So the participation of women, without any political affiliation, is not an overnight phenomenon. It began some time back but because we in the media are so fixated on events, we often miss out on the process. This article by Neha Dixit explains this clearly.
It is not just the process that the media is failing to follow. In the case of the anti-CAA protests, much of mainstream media is either distorting the nature of the protests, by constantly highlighting incidents of violence, or simply ignoring them. Or delegitimising them, as this report illustrates.
This has led to considerable resentment in the people who are participating in the protests towards the media. It manifests itself in derision and comments about ‘godi’ media.
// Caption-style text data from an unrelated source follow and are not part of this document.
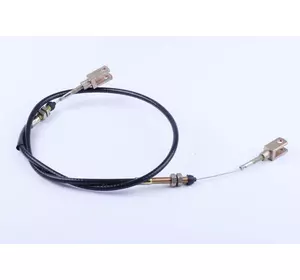 Привод дроссельной заслонки Foton 244, Jinma 244/264 Привод дроссельной заслонки Foton 244, Jinma 244/264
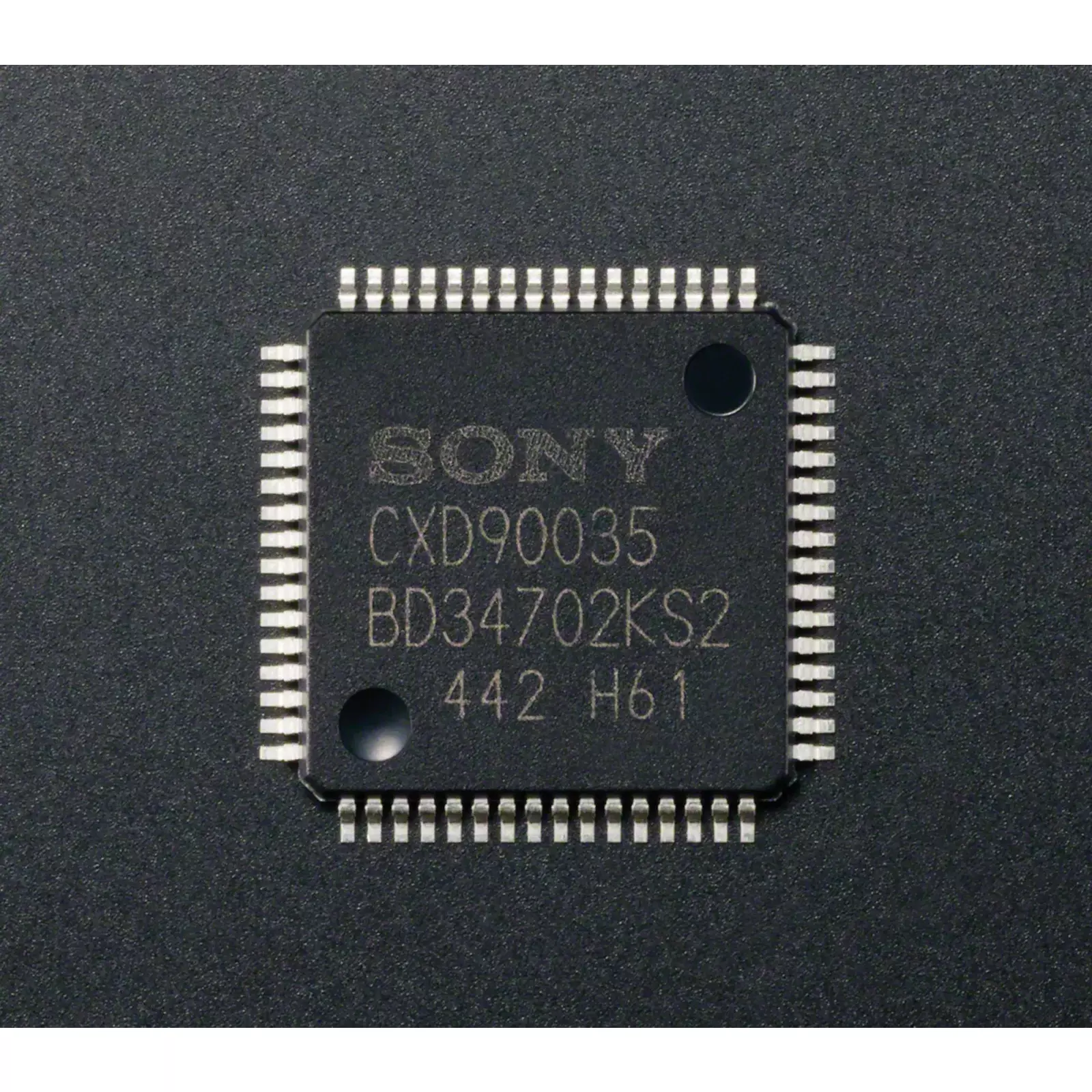 Sony STR-DN1080 Photo 30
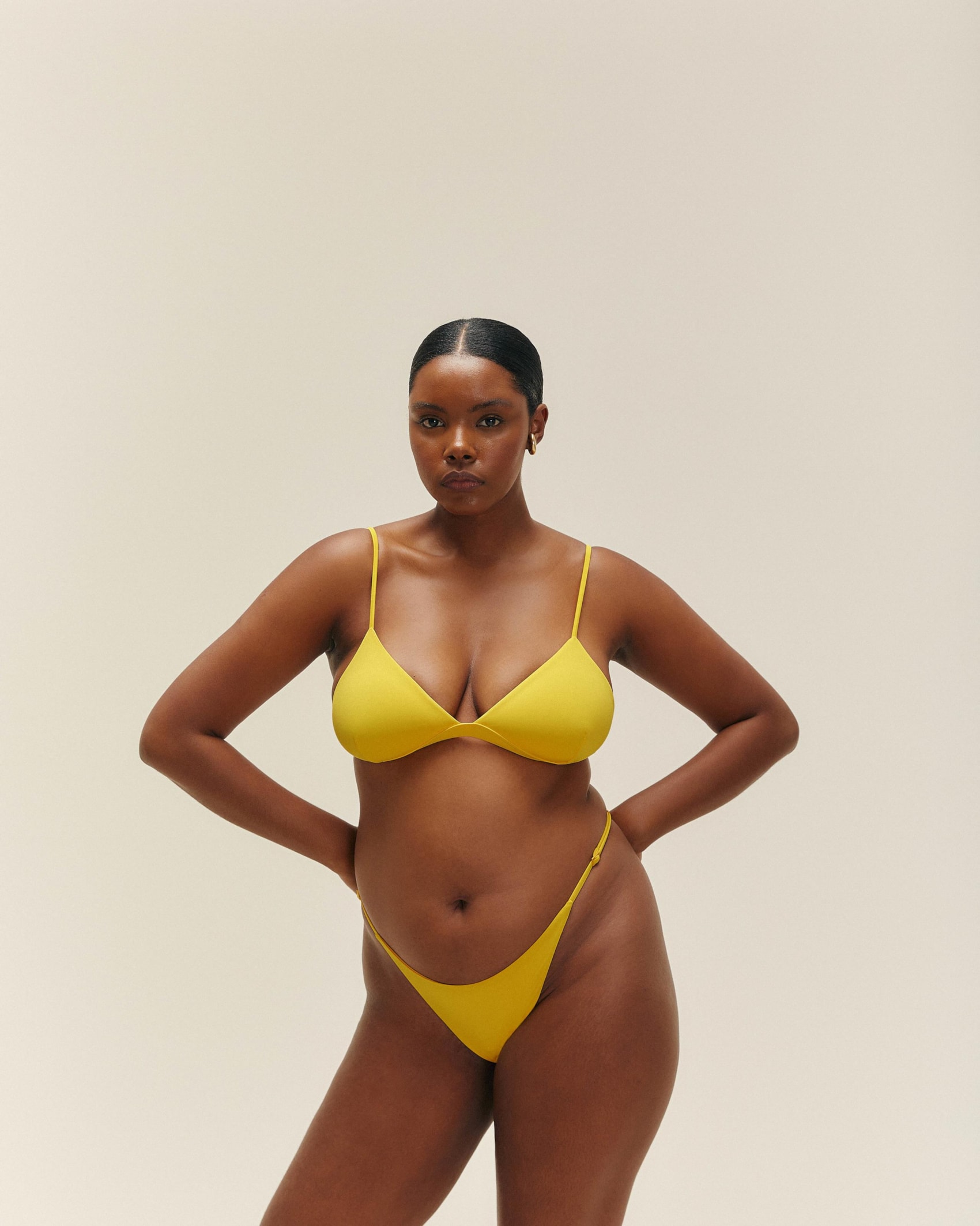 image_2464484a-0785-4f36-aaaa-498379200198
In Azad Maidan, a young woman stood steadfastly near the stage with a placard that read: “Arre yeh bikk gayi hai media” and below these words the symbols of Republic TV, Z News, ABP, Aaj Tak and Times of India. Although there have been some incidents of journalists being attacked, as reported on this website, I felt that there was more disdain than anger towards the media in general.
We must remember that both in 2012, after the Delhi gang-rape case, and in 2013, during the India Against Corruption campaigns in Delhi and other cities, news channels played an active role in amplifying the protests. In both cases, this worked. The government of the day had to pay heed. This time, the majority of news channels have not obliged. Yet, despite this, the protests continue and this government is unable to ignore them.
Perhaps, this is the beginning of the irrelevance of Big Media and of those in it who think they can ultimately control and even dictate the national narrative.